"I'm just going to write because I can't help it."- Charlotte Brontë


Sunday, July 22, 2012

Yulefright

Restaurants all over Australia, especially in solidly built regional hotels with big fireplaces and frosty mountains beyond their french windows, are busy this weekend with Christmas in July, a through and through foodie celebration devoid of any religious connotations whatsoever. It's all about stuffing oneself with those hot, rich, filling meals traditionally eaten with gusto on Xmas Day in the Northern Hemisphere but which practically make you gag when forced down in the heat of a December down under. It's a practical response to the ludicrousness of transferring traditions developed for a winter festival to the exact opposite season.

Anyway, I'll seize this topic-related opportunity to mention a film I've been meaning to recommend for a while, well, since Christmas 2011 to be precise - the 2010 Finnish movie Rare Exports: A Christmas Tale. It's the funniest, darkest, goriest, most bad taste and frightening yuletide tale I've ever seen that also manages to maintain a core of childhood innocence and seasonal sweetness. A movie like Bad Santa touches a few of those bases, but, let's face it, the scope of most Xmas movies is small and suburban. This film exists elsewhere.
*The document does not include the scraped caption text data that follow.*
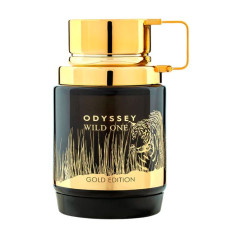 Armaf Odyssey Wild One Gold Edition EDP 100 ml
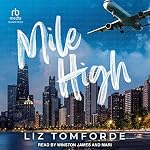 Cover of Mile High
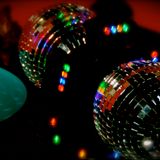 Super Disco MIX Vol.1 mixed by DJ 小松太郎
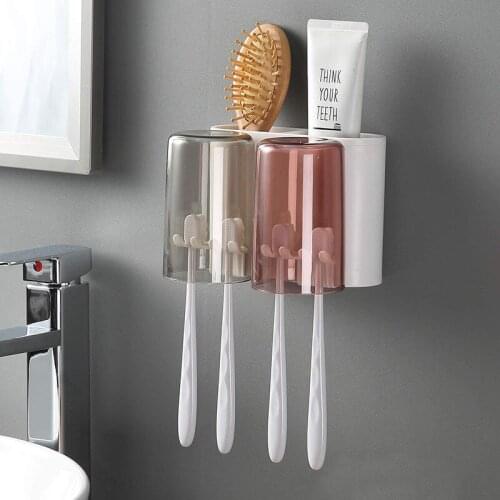ITAX Bathroom Products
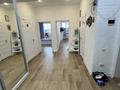 2-бөлмелі пәтер · 70 м² · 4/4 қабат, Байтерек ш/а, Кызылжарская 5/1, бағасы: 29.5 млн ₸ в Уральске, мкр Байтерек — фото 2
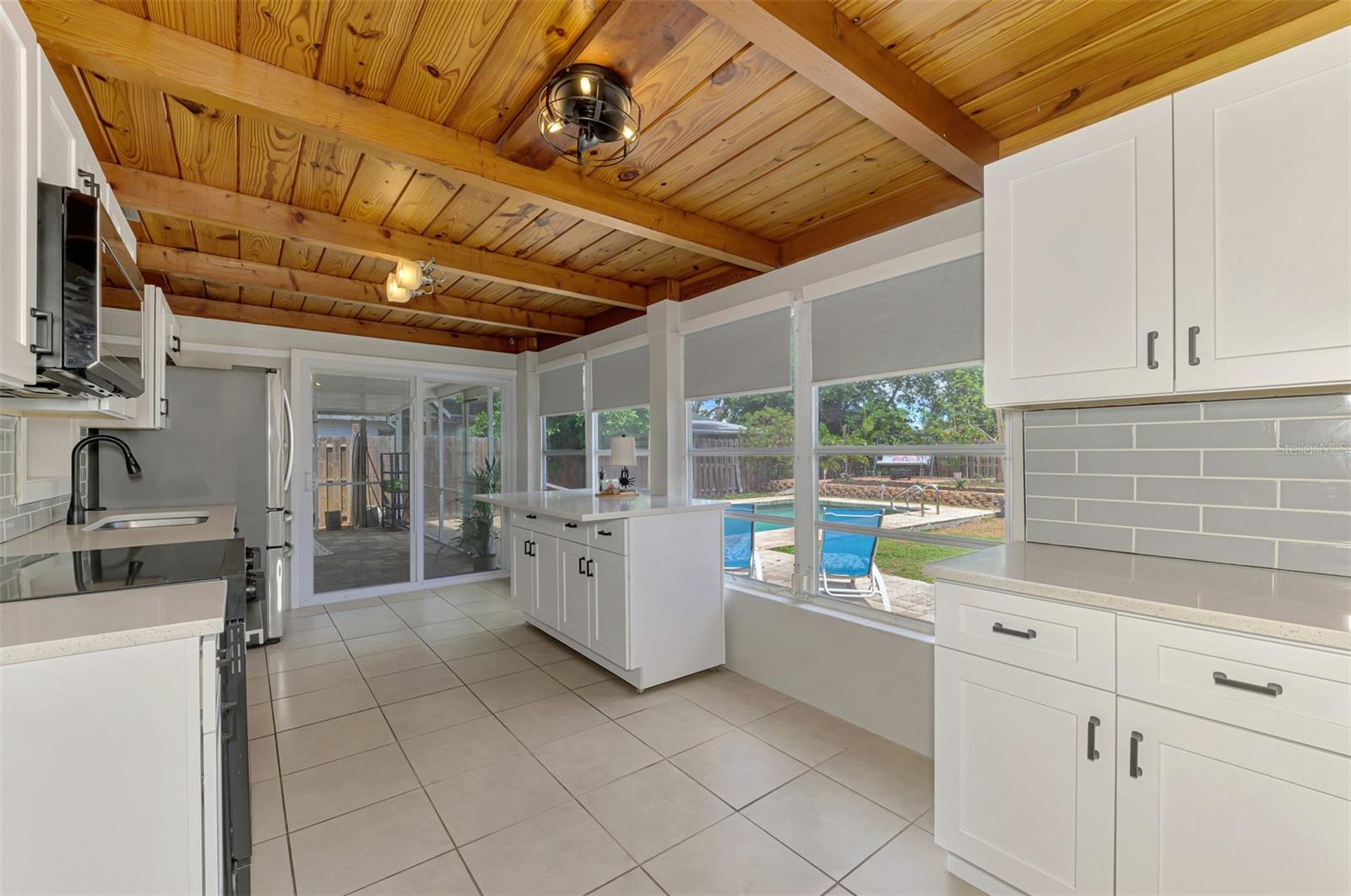 71 WINSON AVE, ENGLEWOOD, FL — photo 13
Its brooding atmosphere is heightened by featuring a geographically isolated people embedded in a stunning but pitiless environment that kills careless folk, and a society shaped by a palpable continuation of their pagan past well into the present. Their Christmas myths are most definitely not our jolly Xmasy traditions. Simply not getting gifts didn't cut it as fitting punishment for naughty children according to the tough, barbaric peoples of yore, and the ur-customs developed to keep young folk in line make you laugh as much in disbelief as in horror at the outrageous cruelty.

Also, you have to love a movie that casually features countless filthy and very sinister, naked old men with such abandon. As with most Nordic horror films, there's much blood and guts nicely framed so as to contrast with the snow. There are chainsaws, there are guns everywhere, there are borderline psychotic but lovable local characters, and there is much seriously questionable behaviour as well as a moving father-son relationship. What more could you want from a Christmas movie?

Now I'd better get a move on. I have to gussy up (put on something other than trackie dacks) and meet up with a few people, not for a Yulefest (at least, I hope not... ), but for a normal Sunday arvo lunch.